On August 5th, 1914 the Aliens Restrictions Act was passed by Parliament requiring foreign nationals to register with the police – this Act was mainly aimed at German nationals in Britain and meant that they could be interned or deported. Restrictions were placed on travel and the types of goods that could be exported or imported. At that time a British-born woman who married an ‘alien’ took on their nationality and many British women suddenly found that they, too, were classified as ‘enemy aliens’ – although few were interned.

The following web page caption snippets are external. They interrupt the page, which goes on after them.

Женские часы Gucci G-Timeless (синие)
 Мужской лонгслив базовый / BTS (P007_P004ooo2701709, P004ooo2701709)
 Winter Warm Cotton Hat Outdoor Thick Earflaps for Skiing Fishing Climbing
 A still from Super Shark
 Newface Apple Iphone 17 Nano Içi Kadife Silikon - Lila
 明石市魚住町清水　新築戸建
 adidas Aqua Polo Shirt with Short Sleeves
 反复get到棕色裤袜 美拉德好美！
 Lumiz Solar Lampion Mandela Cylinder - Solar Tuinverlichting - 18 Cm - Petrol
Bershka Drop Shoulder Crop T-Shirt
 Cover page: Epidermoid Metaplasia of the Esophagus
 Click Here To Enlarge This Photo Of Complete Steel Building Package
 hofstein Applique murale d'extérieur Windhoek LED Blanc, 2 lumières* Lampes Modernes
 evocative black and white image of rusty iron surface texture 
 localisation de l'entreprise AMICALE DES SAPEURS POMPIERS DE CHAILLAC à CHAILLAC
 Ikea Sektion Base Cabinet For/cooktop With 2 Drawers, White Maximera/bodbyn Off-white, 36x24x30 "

These photographs are probably of Margot W. Sparenborg, who was born between July and September 1914, and were taken a year later in November 1915. Her mother, Dora Sparenborg, had been born in British India in 1879, but her father, Gerhard, was German. Dora’s family lived in Calcutta for several years until they returned to England in the 1880s. Dora’s father, Johann Lubbo Sparenborg, was a chemical merchant who continued trading with, and travelling, to India. By 1911 he had bought a large house– Winsome –on Peak’s Hill, Purley. Now widowed, he lived with his youngest daughter Winifred, a housekeeper, a cook and a parlour maid. Dora’s two brothers, Hans Robert and Johann Adolph, had already left home.
Dora worked as a clerk in her father’s business which is probably where she met her future husband – Gerhard – who was also a chemical merchant working at times in India. They married in 1901, and by 1907 they were living in a rented cottage on Plough Lane, Purley. Their first child, Doreen, was born in 1903, and by 1911 they were wealthy enough to have a governess for Doreen, a cook and a house maid. Margot was born in the summer of 1914 into a comfortable home with relatives nearby to cherish her.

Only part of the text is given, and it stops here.